X Japan - Vanishing Vision review
|Release date:||April 1988|
01. Dear Loser
02. Vanishing Love
03. Phantom Of Guilt
04. Sadictic Desire
05. Give Me The Pleasure
06. I'll Kill You
As anyone who saw Sam Dunn's documentary "Global Metal" may know, X Japan, or X as they were then called, were treated as pariahs by the Japanese music establishment when they first emerged in the mid-1980s. Rumour has it some Tokyo bars even hung signs on their doors saying "No Yoshiki". This outsider status wasn't entirely unearned; they openly courted controversy with the sleeve of debut single I'll Kill You, which featured the faces of corpses photographed during the Vietnam War.
Their time as outsiders didn't last long, however. With Vanishing Vision, the band's second and final release on Yoshiki's own Extasy Records label, X Japan kicked open the doors that'd previously been bolted shut to them.

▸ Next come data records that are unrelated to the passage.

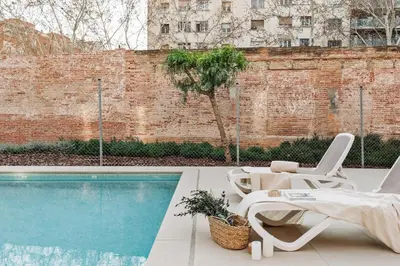 a living room with a table and a couch at Aliga - 3 bedroom and pool in Les Corts in Barcelona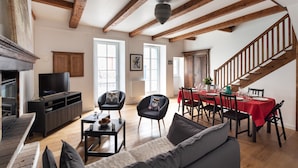 Amplia sala de estar con chimenea, televisor y comedor con mantel rojo.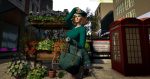 Avatar in a green outfit with a beret posing near flower stand and red phone booth in London City, Second Life.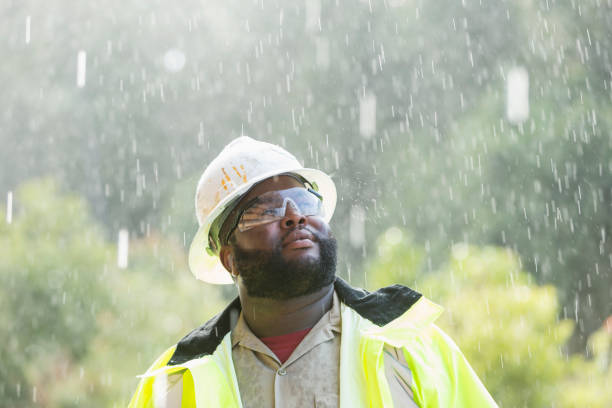 trabalhador africano-americano, em pé na chuva - shower human face men wet - fotografias e filmes do acervo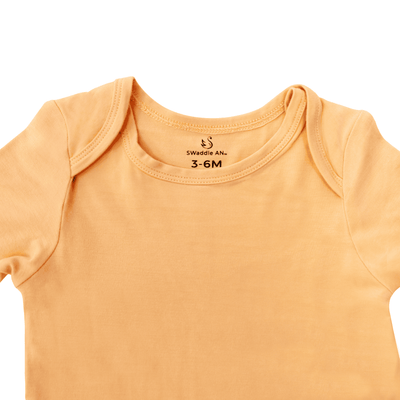 Long Sleeve Baby Bodysuit - Peach Fuzz SwaddleAn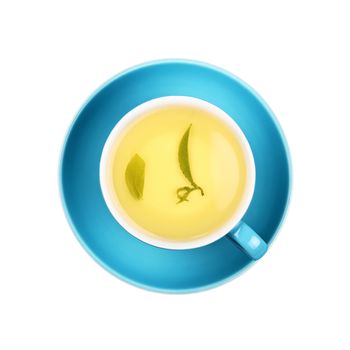 Close up one cup full of green oolong tea with leaf on blue saucer isolated on white background, elevated top view, directly above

After a subdued instrumental intro, the album plunges straight in at the heavy end with the terrific "Vanishing Love", 6 minutes of honest-to-Moses speed metal. Heavy tracks dominate the opening two-thirds of the record, the only exception being "Give Me The Pleasure", the first instance of what became a hallmark of X Japan's albums; an odd, sometimes outright bizarre instrumental interlude, usually placed at the halfway point. In this case, we have Yoshiki putting on a demonic voice and reading a monologue whilst the band jams along to Taiji's slapped bassline.
At just 43 minutes, Vanishing Vision is uncharacteristically short for an X Japan album, more than likely due to the constraints of the 12-inch vinyl format. Nevertheless, this restrictive canvas didn't prevent the guys from including two of their trademark - some might even say obligatory - ballads. The first, the sprawling 9-minute "Alive", is an unusually muddled affair by Yoshiki's standards. The far tighter "Kurenai", another of album's highlight, makes up some of the lost ground, and Vanishing Vision ends on a high (or at least it should've done).
Instead, by way of an outro, we get "Unfinished"; a would-be ballad that cuts out after just 90 seconds. Whether it was due to limited vinyl space, a lack of studio time, a sudden power cut, or just Yoshiki and friends taking the piss, we'll probably never know.
Those looking for a definitive introduction to X Japan might want to skip ahead to Blue Blood before attempting Vanishing Vision, lest any of the more underwhelming tracks put you off going further. Not that this is one for fanboys and completists only - it's just not quite as good as the follow-up.
Still, despite its imperfections, this was, is and remains a very promising debut.